Johannes Hevelius (1611 – 1687) was a councillor and mayor of Danzig (Gdańsk), then part of the Polish-Lithuanian Commonwealth. As an astronomer he gained a reputation as "the founder of lunar topography" and described ten new constellations, seven of which are still recognized by astronomers.
Firmamentum Sobiescianum sive Uranographia (dated 1687), an atlas of constellations, 56 sheets, corresponding to his catalog, contains seven new constellations delineated by him which are still in use (plus some now considered obsolete):
Canes Venatici, Lacerta, Leo Minor, Lynx, Scutum, Sextans, and Vulpecula.
Obsolete: Cerberus, Mons Maenalus, and Triangulum Minus.
Prodromus Astronomiae is a star catalog created by Johannes Hevelius and published posthumously by his wife and research aid Elisabeth Hevelius in 1690. The catalog consists of the location of 1,564 stars listed by constellation. It consists of three separate parts: a preface (labeled Prodromus), a star catalog (named Catalogus Stellarum), and an atlas of constellations (named Firmamentum Sobiescianum, sive Uranographia).
Prodromus outlines the methodology and technology used in creating the star catalogue. It provides examples of the use of the sextant and quadrant by Johannes, in tandem with known positions of the sun, in calculating each stars' longitude and latitude.
The written draft of the Catalogus Stellarum consists of 183 leaves, 145, alphabetized according to constellation, containing star positions.

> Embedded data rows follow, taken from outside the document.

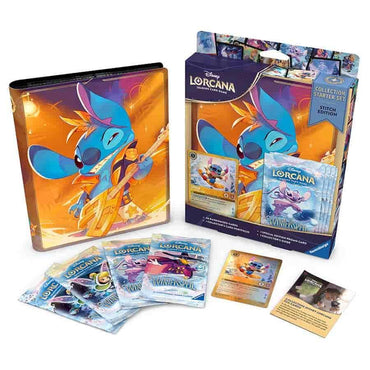 Winterspell: Collection Starter set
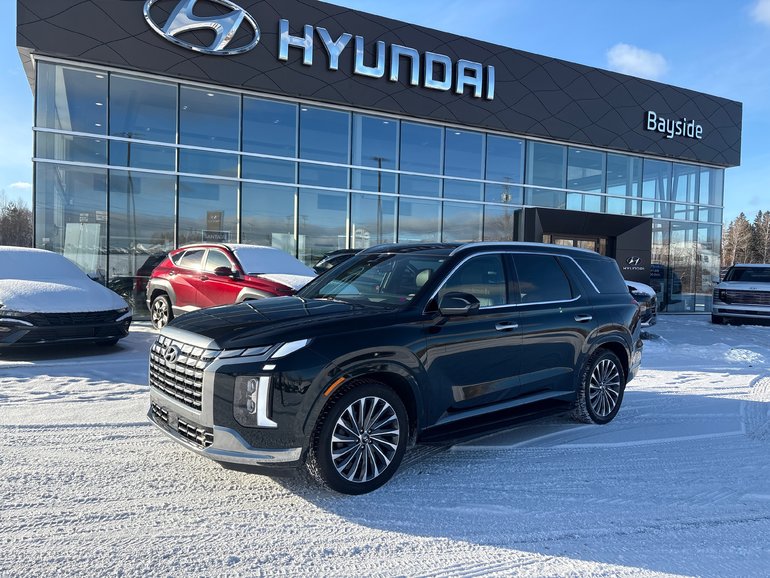 2024 Hyundai Palisade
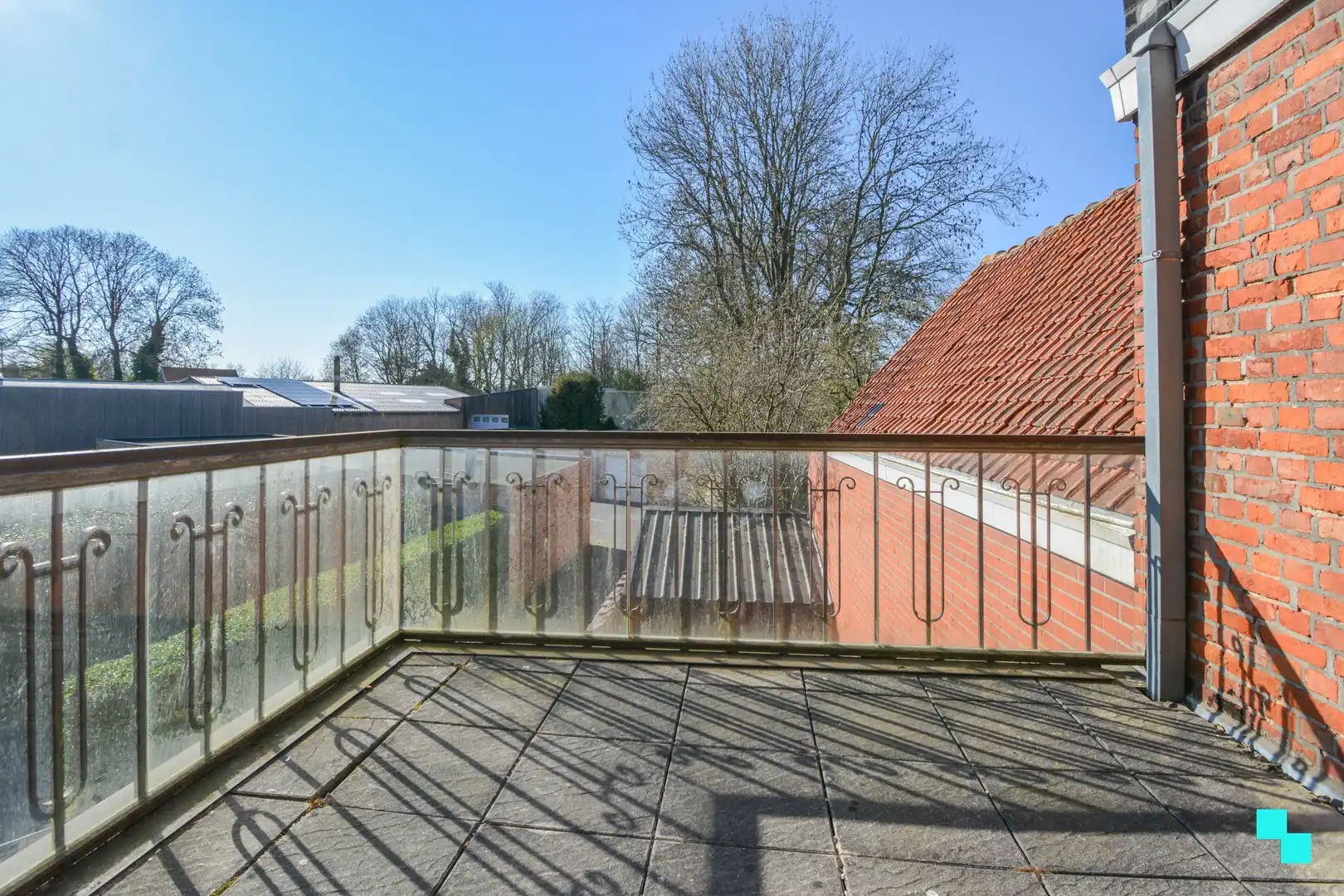 Aantrekkelijke halfopen bebouwing te Staden foto 23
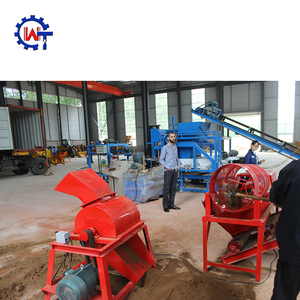 WT Máy Nghiền Đất Búa Nhỏ Máy Nghiền Điện Cho Đất - Product Image 2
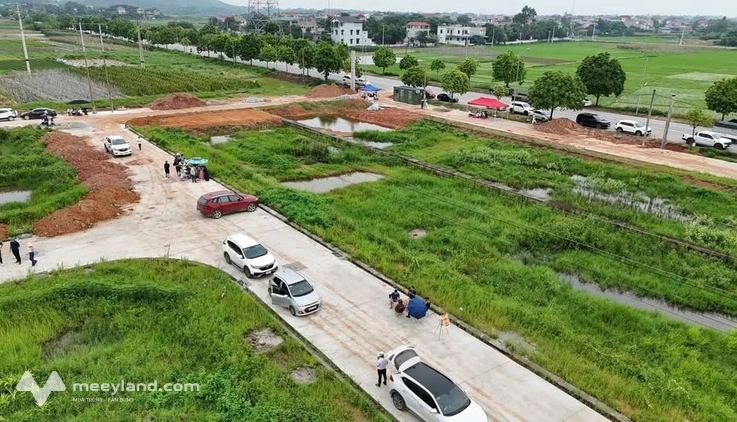 Bất động sản tại Vĩnh Phúc - ảnh 1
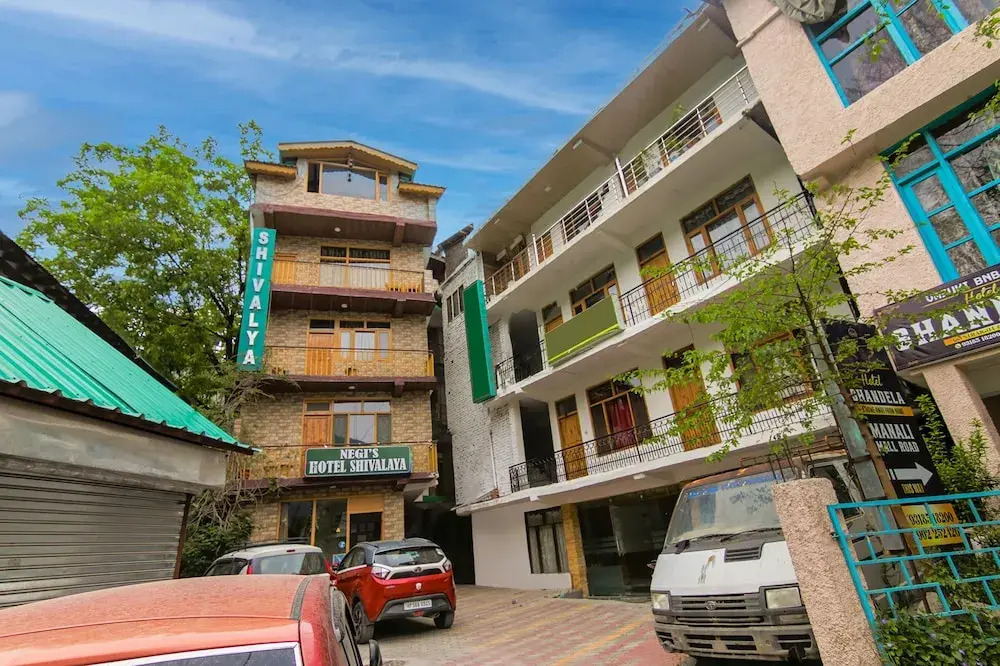 Hotel Negi's Shivalya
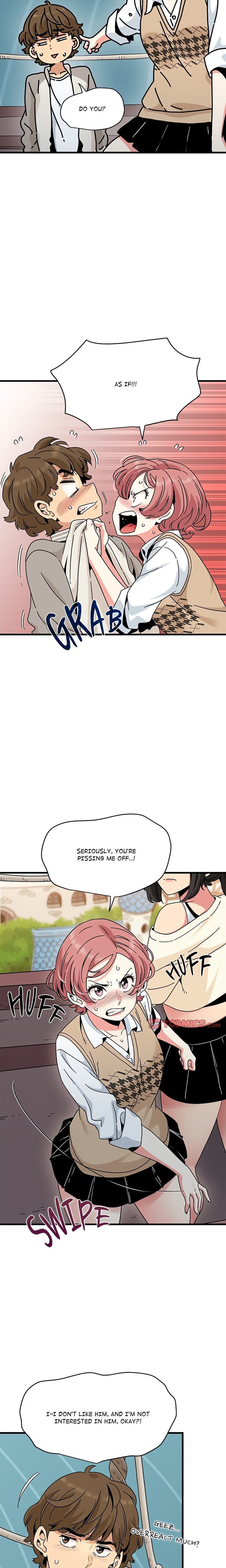 A Turning Point Uncensored, chapter 84, page 9 of 25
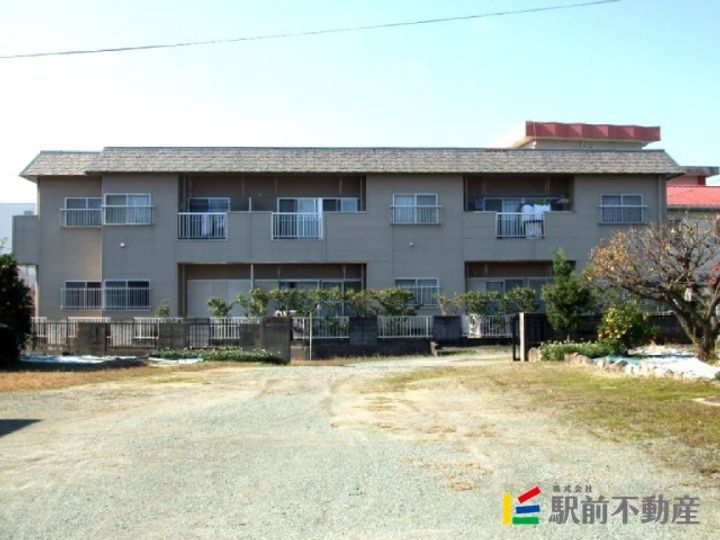 レジデンス有明202の外観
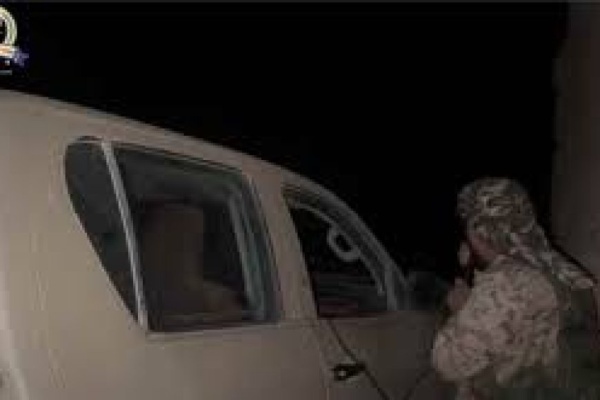 مشاهد حية لنداء النجاة الأخير لعناصر الحوثي المحاصرين في صعدة فيديو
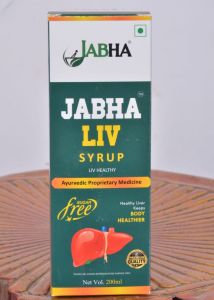 Liv Healthy Liver Care Syrup
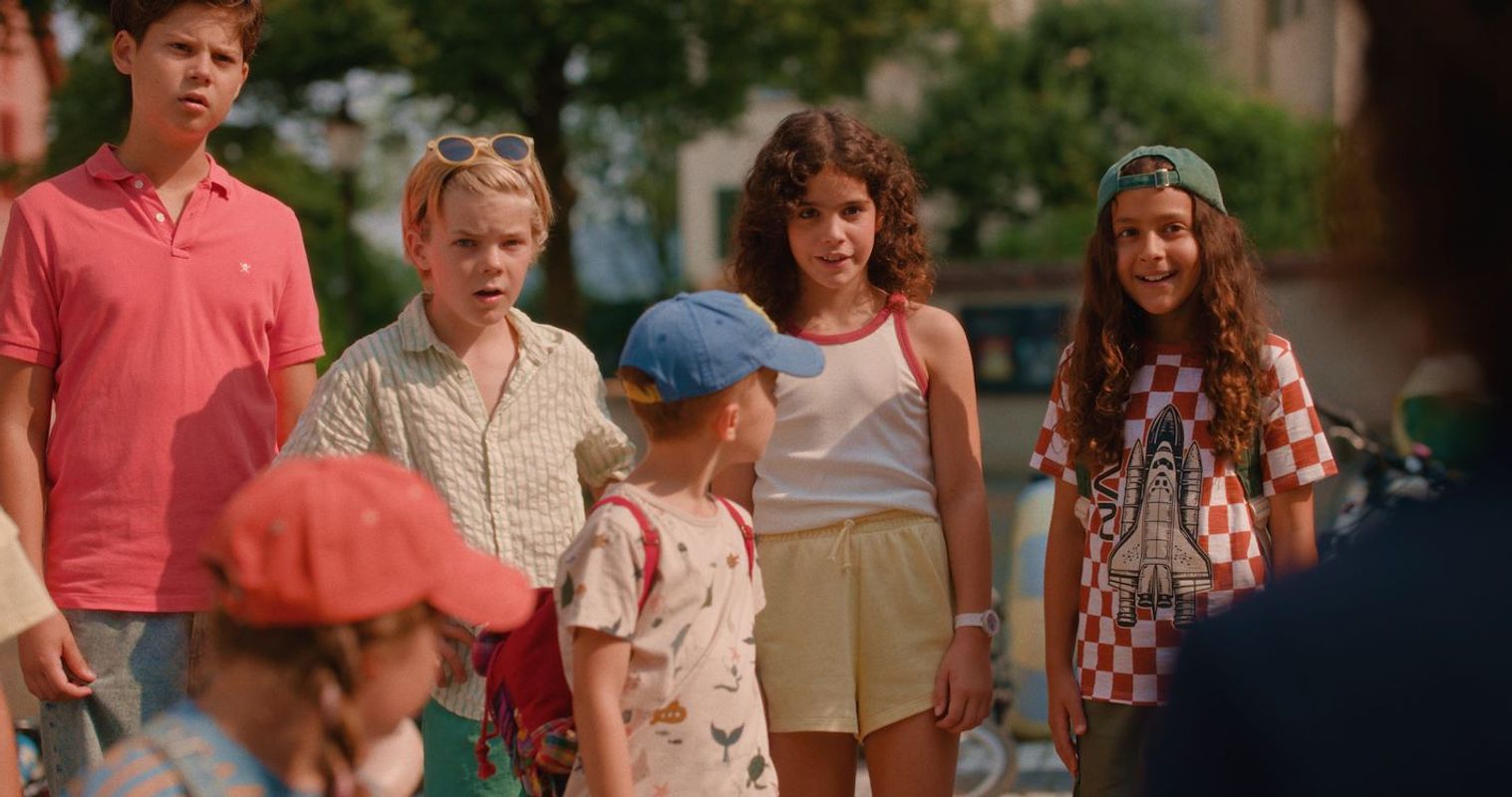 Splish Splash Forever (6+/8+) | Filmhuis De Lawei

Firmamentum Sobiescianum, while technically part of the Prodromus Astronomiae as a well, was likely published separately and in tighter circulation. Housing its own cover page and page-numbering system, the atlas consisted of two hemispheres and 54 double-page plates of 73 constellations. Both the northern and southern hemispheres were centered on an ecliptic pole, and most star locations were all based off Johannes' own observations. Those that were not, the southern polar stars, were based on a catalog and map published in 1679 by Edmond Halley.